## Source material
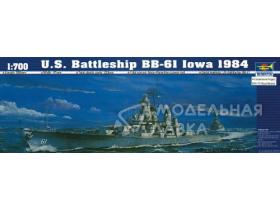 Battleship- BB-61 IOWA 1984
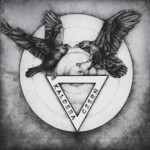 Kaldera | Czerń split LP black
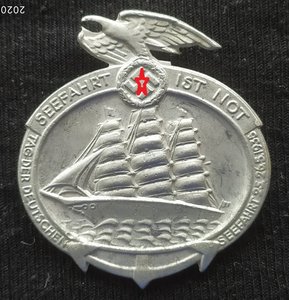 Памятный знак. "День немецкого флота" 1935 г. (III-Рейх)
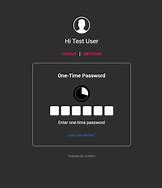 Image result for One Time Passcode Login
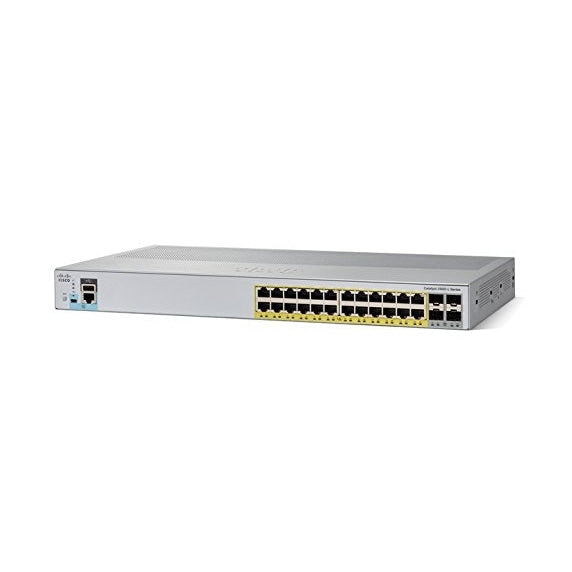 Комутатор Cisco Catalyst 2960L Smart Managed 24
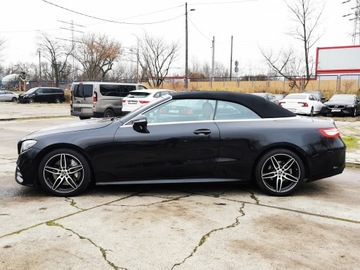 Mercedes Klasa E W213 Cabrio 2.0 300 245KM 2018 MERCEDES F-VAT23%, E300 Cabrio, Burmester, Automat, Skóra, zdjęcie 3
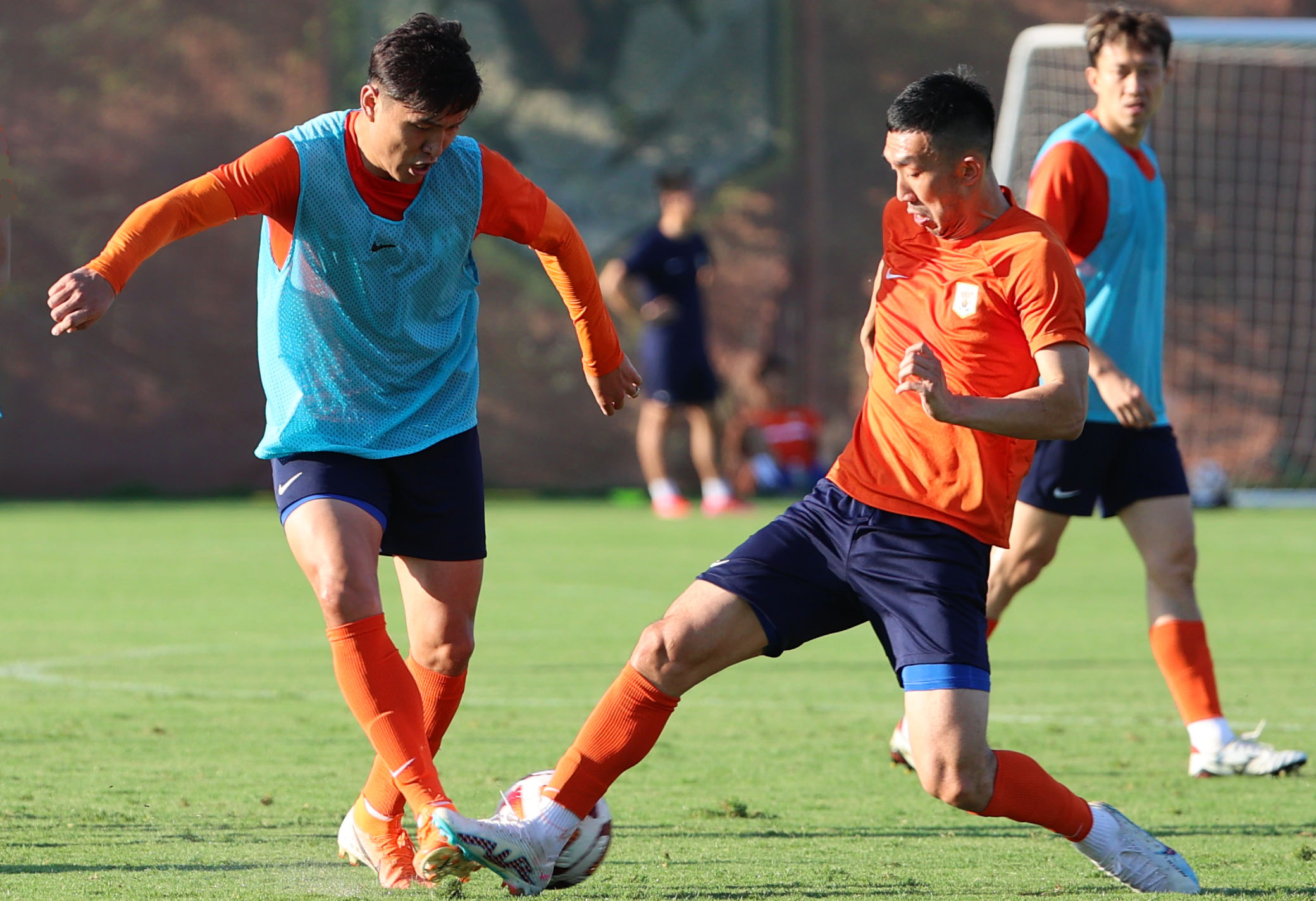 关于球队经过多轮训练，备战下一场比赛的信息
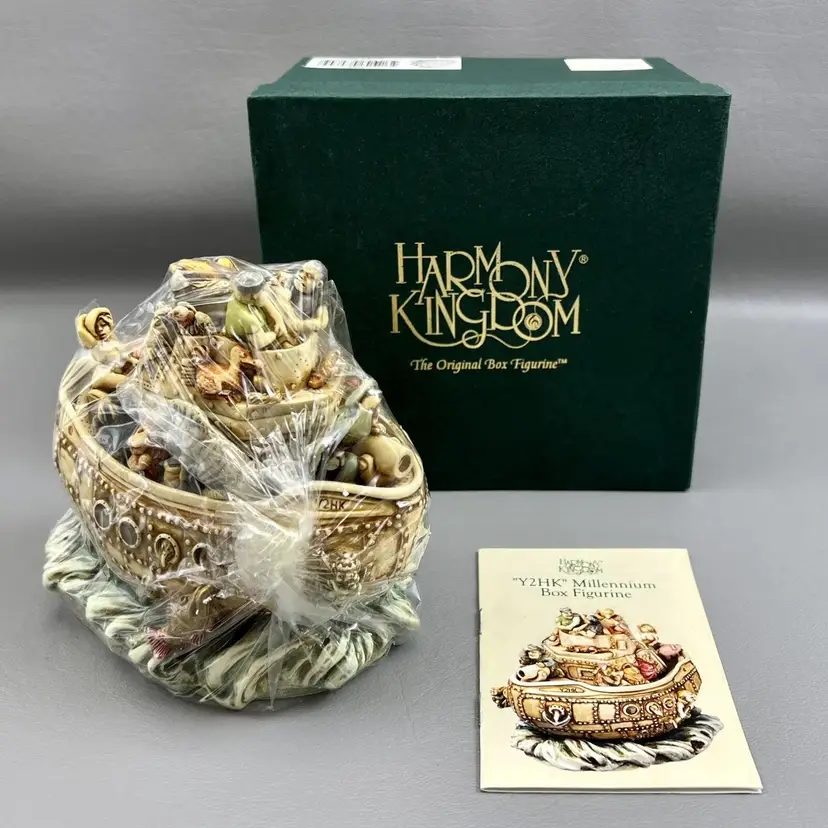 Harmony Kingdom Y2HK Ship Boat Ark Treasure Jest 1999 Ricketts TJSEY2K NEW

## Directions
What you output must be exactly the lines from the line with "Kaldera | Czerń split LP black" through the last line of the listing, pictures excluded.

## Reply
 Kaldera | Czerń split LP black
 Памятный знак. "День немецкого флота" 1935 г. (III-Рейх)
 Image result for One Time Passcode Login
 Комутатор Cisco Catalyst 2960L Smart Managed 24
 Mercedes Klasa E W213 Cabrio 2.0 300 245KM 2018 MERCEDES F-VAT23%, E300 Cabrio, Burmester, Automat, Skóra, zdjęcie 3
 关于球队经过多轮训练，备战下一场比赛的信息
 Harmony Kingdom Y2HK Ship Boat Ark Treasure Jest 1999 Ricketts TJSEY2K NEW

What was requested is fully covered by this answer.